In this article, we are going to offer some advice about what to do with all those Christmas presents that we just don’t need. We will offer 6 tips for dealing with unwanted gifts and also what to do, to avoid them in the future.
You know the ones. They get gifted to us and usually end up left in the original box and shoved at the back of the cupboard.
We understand that it is not a reflection on the person who has gifted you the item, but more about the practicality and timing of it. We sometimes just do not need unnecessary clutter in our lives and we need to find an ethical and responsible way of dealing with any unwanted gifts.
6 ways to deal with those excess and unwanted gifts.
There is no harm in re-gifting an item that we simply not needed. For example, if your child receives the same toy, that they already own, then why not gift it to another child for a birthday present? This is a sustainable way of dealing with gifts as it means it can be given to someone less fortunate and is used as intended.

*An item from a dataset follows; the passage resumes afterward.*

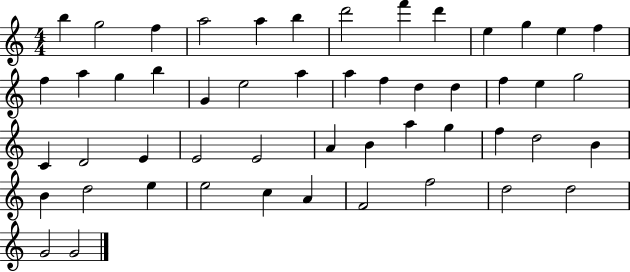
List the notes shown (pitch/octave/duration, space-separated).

B5/q G5/h F5/q A5/h A5/q B5/q D6/h F6/q D6/q E5/q G5/q E5/q F5/q F5/q A5/q G5/q B5/q G4/q E5/h A5/q A5/q F5/q D5/q D5/q F5/q E5/q G5/h C4/q D4/h E4/q E4/h E4/h A4/q B4/q A5/q G5/q F5/q D5/h B4/q B4/q D5/h E5/q E5/h C5/q A4/q F4/h F5/h D5/h D5/h G4/h G4/h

Donate to Charity or the Less Fortunate.
There are lots of charities that will make use of your unwanted gift and ensure it ends up in the hands of the less fortunate. We need to remember that there are a lot of people who do not get to celebrate a traditional Christmas like the rest of us. In fact, in Australia in 2016, it is reported that there was over 116,000 who were classified as homeless. Statistic from the Australian Institute of Health and Welfare are found here.
You could consider donating to an organisation like the Smith Family or Save the Children.
Donate to Op Shop
We speak regularly about the benefits of using op shops. Donating to these organisations, helps them maintain funds to complete vital humanitarian work throughout not only our own, but under privileged countries. Not only this, but it will also help unnecessary waste from entering our landfills by joining a circular economy.

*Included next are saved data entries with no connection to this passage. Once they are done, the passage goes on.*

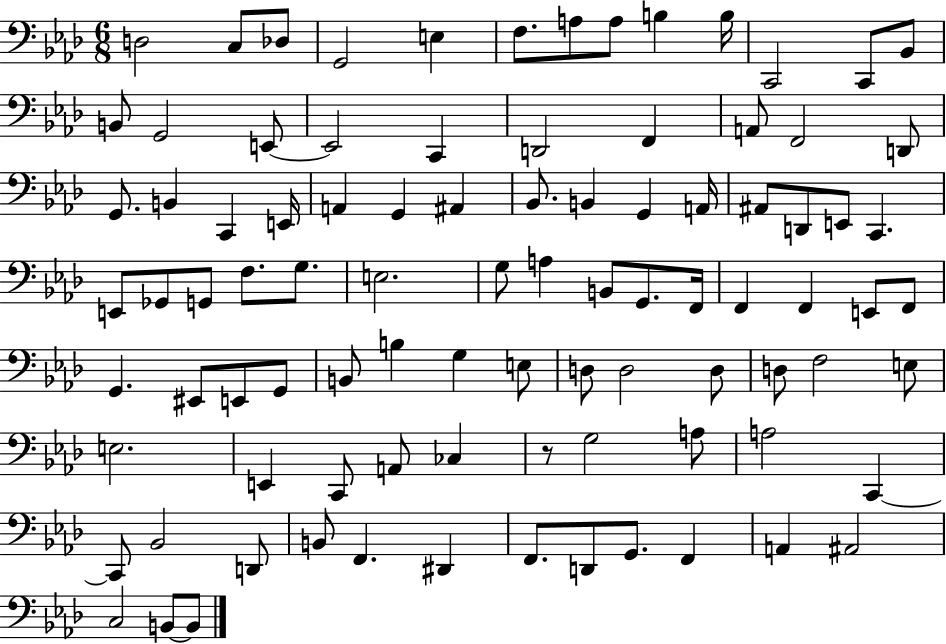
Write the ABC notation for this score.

X:1
T:Untitled
M:6/8
L:1/4
K:Ab
D,2 C,/2 _D,/2 G,,2 E, F,/2 A,/2 A,/2 B, B,/4 C,,2 C,,/2 _B,,/2 B,,/2 G,,2 E,,/2 E,,2 C,, D,,2 F,, A,,/2 F,,2 D,,/2 G,,/2 B,, C,, E,,/4 A,, G,, ^A,, _B,,/2 B,, G,, A,,/4 ^A,,/2 D,,/2 E,,/2 C,, E,,/2 _G,,/2 G,,/2 F,/2 G,/2 E,2 G,/2 A, B,,/2 G,,/2 F,,/4 F,, F,, E,,/2 F,,/2 G,, ^E,,/2 E,,/2 G,,/2 B,,/2 B, G, E,/2 D,/2 D,2 D,/2 D,/2 F,2 E,/2 E,2 E,, C,,/2 A,,/2 _C, z/2 G,2 A,/2 A,2 C,, C,,/2 _B,,2 D,,/2 B,,/2 F,, ^D,, F,,/2 D,,/2 G,,/2 F,, A,, ^A,,2 C,2 B,,/2 B,,/2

Continue to Sit Away Until Needed or Share with friends and Family.
You never know! Time can do all sorts of strange things. This includes the fact that we may need these items in the future. Take for instance that in Australia, Christmas falls in Summer. A popular gift for Christmas is barbeque utensils. Now we already have a great set, so we have shared a gifted set with our sister and brother in law. They know that it is intended as a share option (although we might just let them keep them), so when the time is right, we will get them back.
Gifts are intended as a thoughtful gesture, so when an item is not needed, there should be no harm in selling it. This will allow you funds to spend on an item that is truly needed. We’ll leave the question of whether or not to advise the gift giver of your intentions.
Ideally if you have the receipt get cash. If this is not an option then ask for an instore credit that can be used at your convenience or purchase something you need.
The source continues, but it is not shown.